### Task statement
An exact copy of every line from the one holding "Πρόεδρος της Τουρκίας" to the end of the entries below is required; leave the pictures out.

----------------

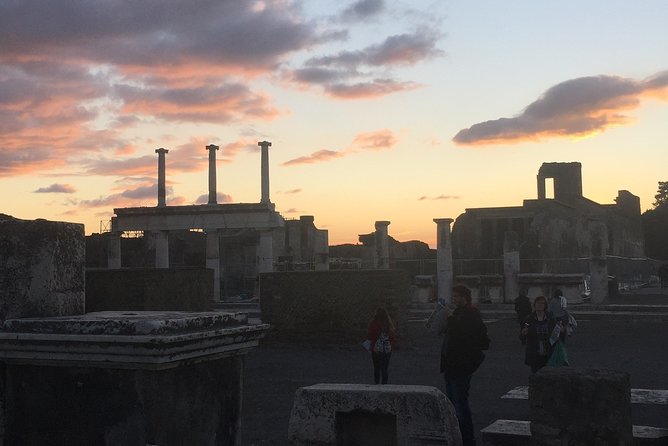Pompei Guided Tour at Sunset - Licensed guides: the difference between seeing and understanding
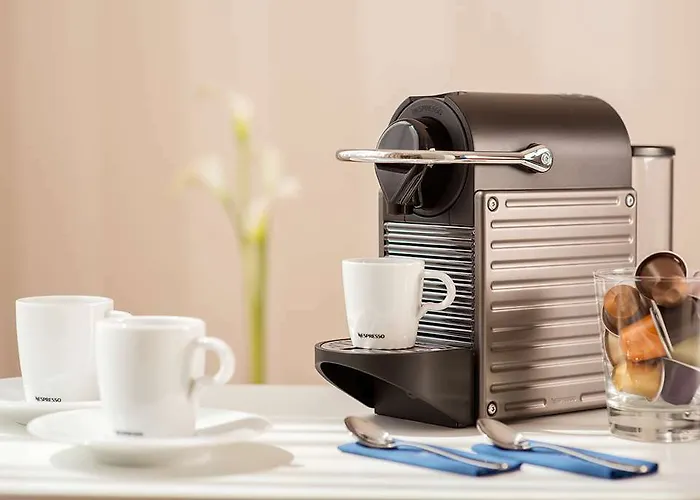 إن إتش كولكشن درسدن ألتماركت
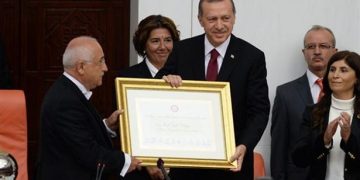 Πρόεδρος της Τουρκίας και επισήμως ο Ερντογάν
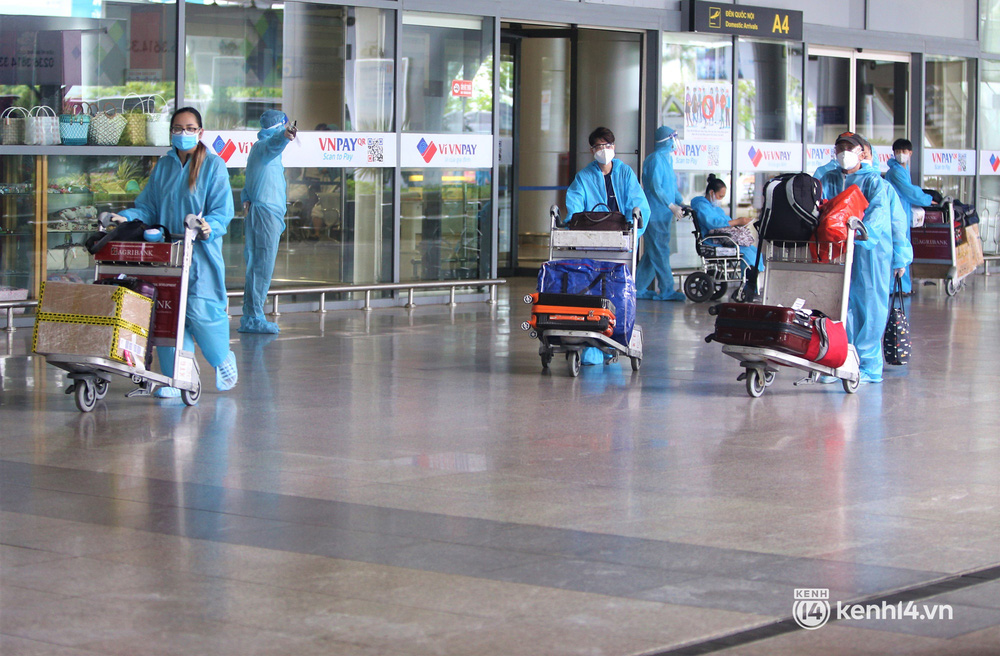 Anh trai ra sân bay, nghẹn ngào nhận tro cốt em gái mất vì Covid-19: Ở nhà gia đình đã lập sẵn bàn thờ, chỉ chờ ngày đón em về-1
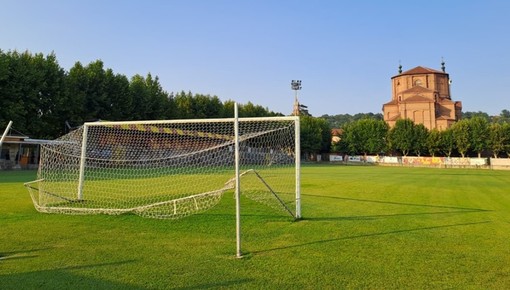 Il campo di gioco dell'Attilio Bravi di Bra tornerà ad ospitare le partite casalinghe dei giallorossi dopo "l'esilio" a Sestri Levante per la Serie C Il campo di gioco dell'Attilio Bravi di Bra tornerà ad ospitare le partite casalinghe dei giallorossi dopo "l'esilio" a Sestri Levante per la Serie C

----------------

### Answer space
 Πρόεδρος της Τουρκίας και επισήμως ο Ερντογάν
 Anh trai ra sân bay, nghẹn ngào nhận tro cốt em gái mất vì Covid-19: Ở nhà gia đình đã lập sẵn bàn thờ, chỉ chờ ngày đón em về-1
 Il campo di gioco dell'Attilio Bravi di Bra tornerà ad ospitare le partite casalinghe dei giallorossi dopo "l'esilio" a Sestri Levante per la Serie C Il campo di gioco dell'Attilio Bravi di Bra tornerà ad ospitare le partite casalinghe dei giallorossi dopo "l'esilio" a Sestri Levante per la Serie C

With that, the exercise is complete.